For centuries, the Nguni peoples are thought to have lived in scattered patrilineal chiefdoms, cultivating cereal crops such as millet and raising cattle. The current geographic distribution of Nguni peoples largely reflects the turbulent political developments and population movements of the 19th century. In the 1820s the cattle-herding Zulu, led by their king Shaka, embarked on an aggressive campaign of conquest and expansion known as the mfecane. Shaka's large and well-armed armies conquered a number of neighboring peoples, and sent others fleeing. Some Nguni groups adopted the Zulu's methods of warfare and used them to subjugate the peoples in whose territory they ultimately settled.
The Gaza Kingdom comprised parts of what are now southeastern Zimbabwe, as well as extending from the Sabi River down to the southern part of Mozambique, covering parts of the current provinces of Sofala, Manica, Inhambane, Gaza and Maputo, and neighbouring parts of South Africa. Within the area encompassed by the Gaza Empire, Nguni armies invaded the north and established cattle-owning military states along the edges of the Mozambican highlands. Although not within the borders of modern-day Mozambique, these military states nonetheless served as effective bases for raids into Mozambique.
Soshangane extended his control over the area between the Komati (Incomati) and the Zambezi rivers, incorporating the local Tsonga and Shona peoples into his Kingdom. The waves of armed groups disrupted both trade and day-to-day production throughout the area. Two groups, the Jere under Zwangendaba and the Ndwandwe (both later known as Nguni) under Soshangane, swept through Mozambique. Zwangendaba’s group continued north across the Zambezi, settling to the west of contemporary Mozambique, but Soshangane’s group crossed the Limpopo into southern.[where?]

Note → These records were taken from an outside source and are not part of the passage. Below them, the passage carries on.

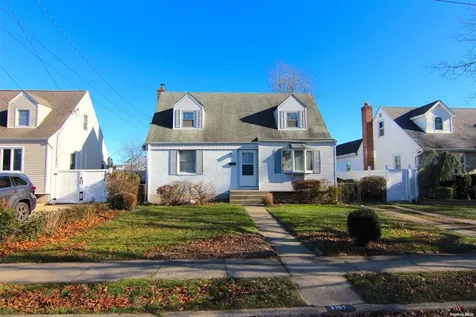 2107 Spruce Street Wantagh NY 11793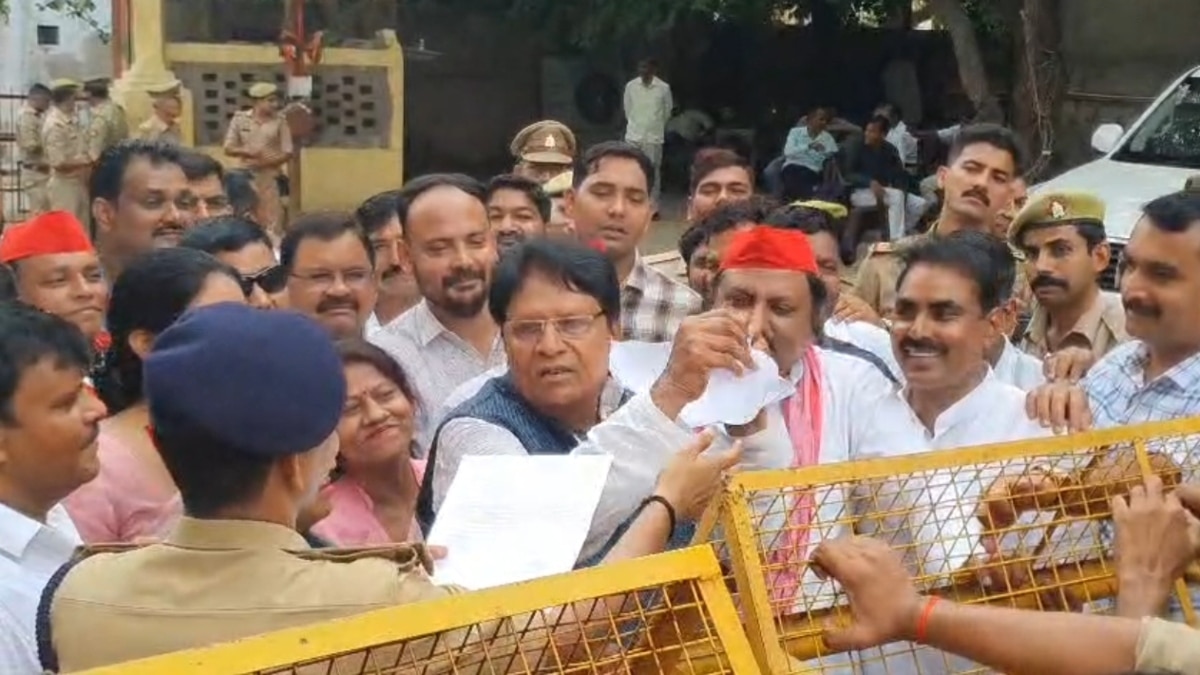 Agra News: सपा सांसद रामजी लाल सुमन को पुलिस ने रोका, जमकर हुई नोकझोंक, जानें पूरा मामला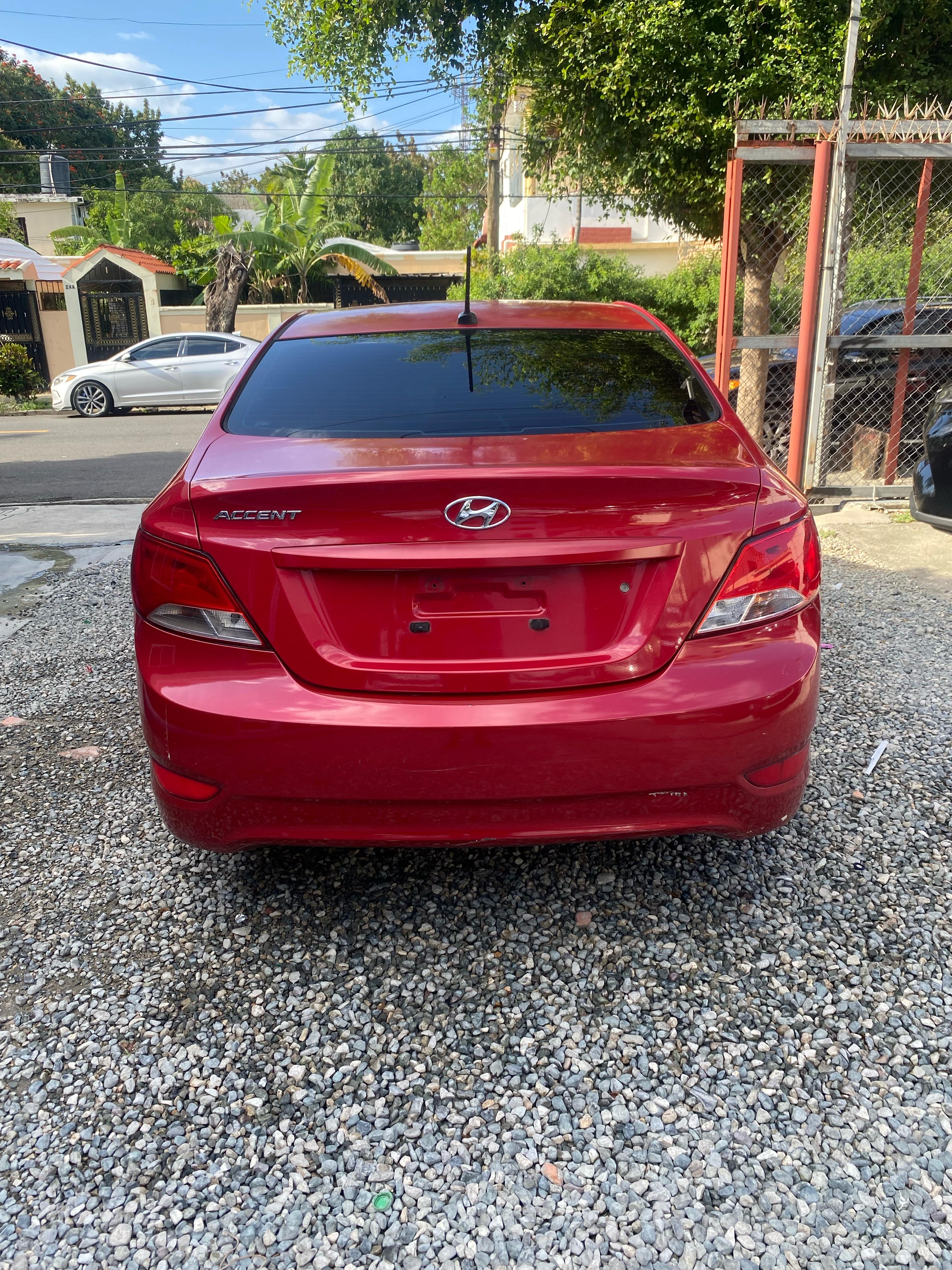 Hyundai Accent SE 2015 Foto 7274075-6.jpg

Another army, under the command of Dingane and Mhlangana, was sent by Shaka to deal with Soshangane, but the army suffered great hardship because of hunger and malaria, and Soshangane had no difficulty in driving them off, towards the end of 1828. During the whole of this turbulent period, from 1830 onwards, groups of Tsonga speakers moved southwards and defeated smaller groups.

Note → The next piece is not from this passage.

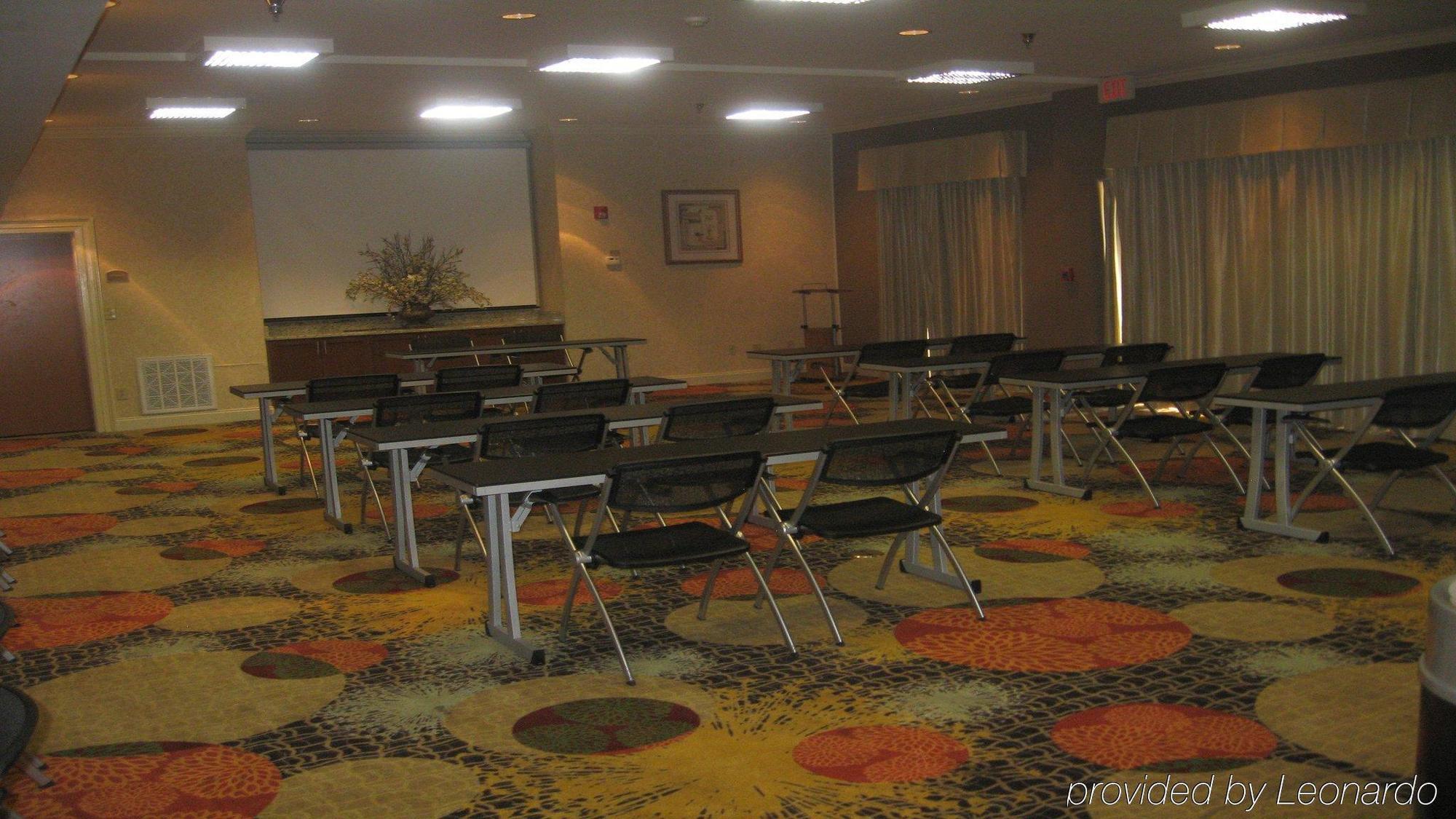 Baymont By Wyndham Bessemer Bagian luar foto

Despite their eviction from the highlands, the Portuguese gradually extended their control up the Zambezi Valley and north and south along the Mozambican coast. In 1727, they founded a trading post at Inhambane, on the southern coast, and in 1781 they permanently occupied Delagoa Bay. However, Soshangane’s army overran these Portuguese settlements during the time of the Gaza Empire.
Decline of the Empire
After the death of Soshangane in 1856, his sons fought over emperorship. Soshangane had left the throne to Mzila, but Mawewe felt that he should be emperor. Mawewe attacked Mzila and his followers, causing them to leave Mozambique and flee to the Soutpansberg Mountains in the Transvaal. In 1884 and 1885 European powers carved Africa into spheres of influence at the Berlin West Africa Conference. As a result of this scramble for Africa by the European States, the territory of the Gaza Empire was designated as Portuguese territory. Gungunyana fiercely resisted the encroachment of the Portuguese but was eventually defeated. Gungunyana was exiled to the Azores where he died in 1906. The cause of the collapse of the Gaza Empire was its defeat by the Portuguese in 1895.
What was once the Gaza Empire is now present-day Mozambique and Zimbabwe as well as parts of South Africa (sections of Mpumalanga and Limpopo provinces). Mozambique is divided into eleven provinces, one of which is named Gaza.
The descendants of Gungunyana currently reside in South Africa. De jure king Eric Mpisane Nxumalo applied for recognition by the Nhlapo Commission, which was rejected in 2012. Claims of the kingdom's authority over the Tsonga people have also been rejected by Tsonga traditional leaders.